◆ What you will do: Below are lines of records; copy exactly those from the one containing "ASMR ITA | BOYFRIEND" through the one containing "travel stroller - the", leaving the pictures behind.

◆ Materials provided:

BEGIN

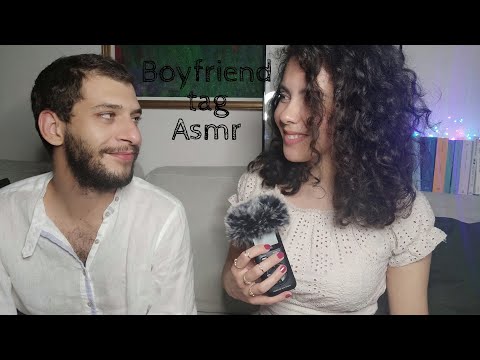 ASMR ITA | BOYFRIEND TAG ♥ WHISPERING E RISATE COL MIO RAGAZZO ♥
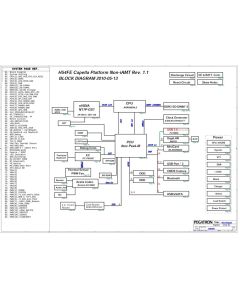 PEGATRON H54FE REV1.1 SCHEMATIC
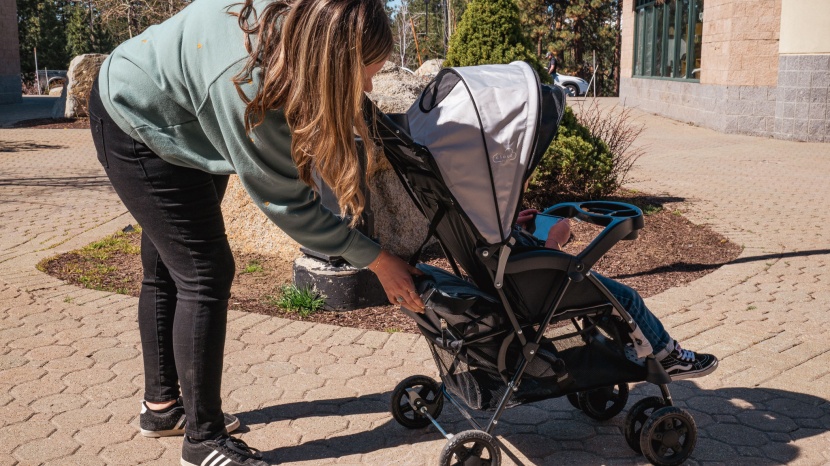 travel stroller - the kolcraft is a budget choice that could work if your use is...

END
BEGIN

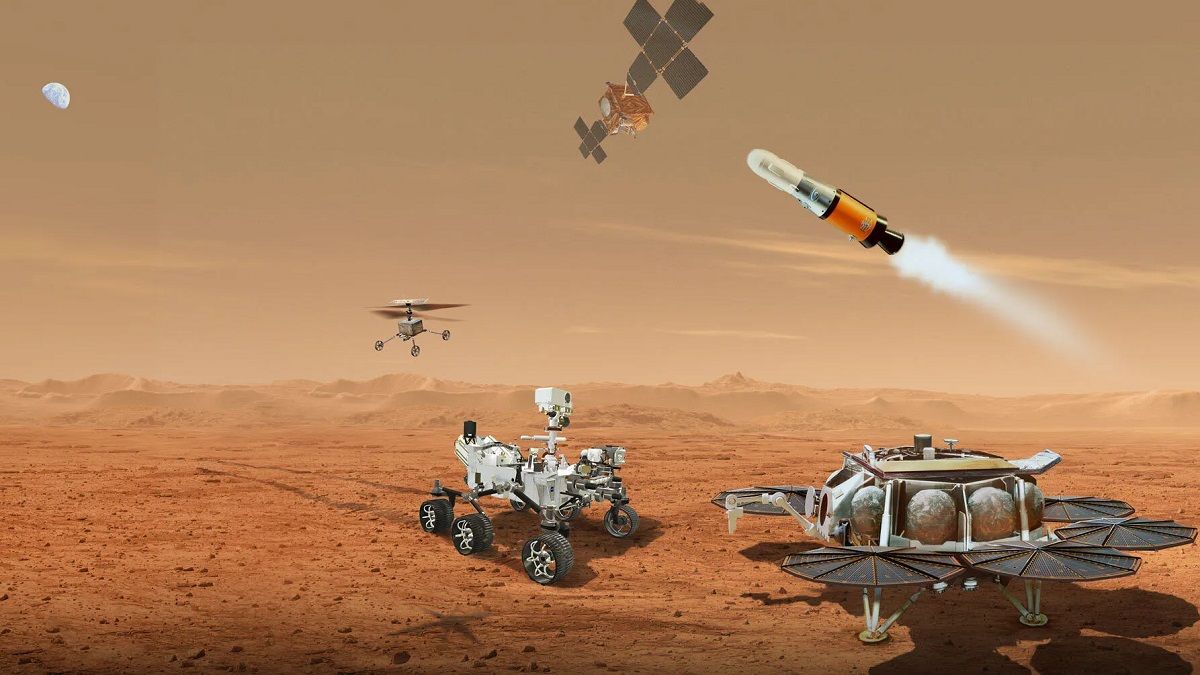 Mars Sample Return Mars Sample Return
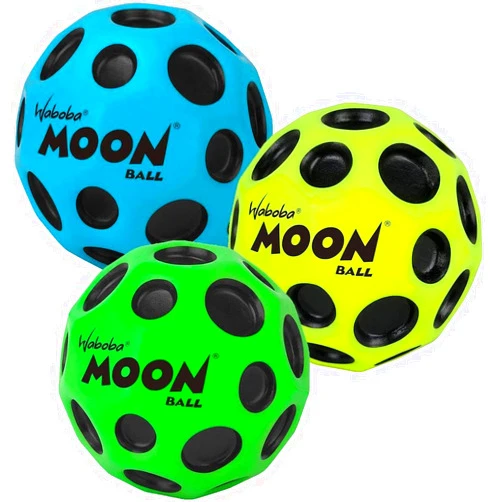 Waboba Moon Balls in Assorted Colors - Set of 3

END

◆ Reply to the exercise:
 ASMR ITA | BOYFRIEND TAG ♥ WHISPERING E RISATE COL MIO RAGAZZO ♥
 PEGATRON H54FE REV1.1 SCHEMATIC
 travel stroller - the kolcraft is a budget choice that could work if your use is...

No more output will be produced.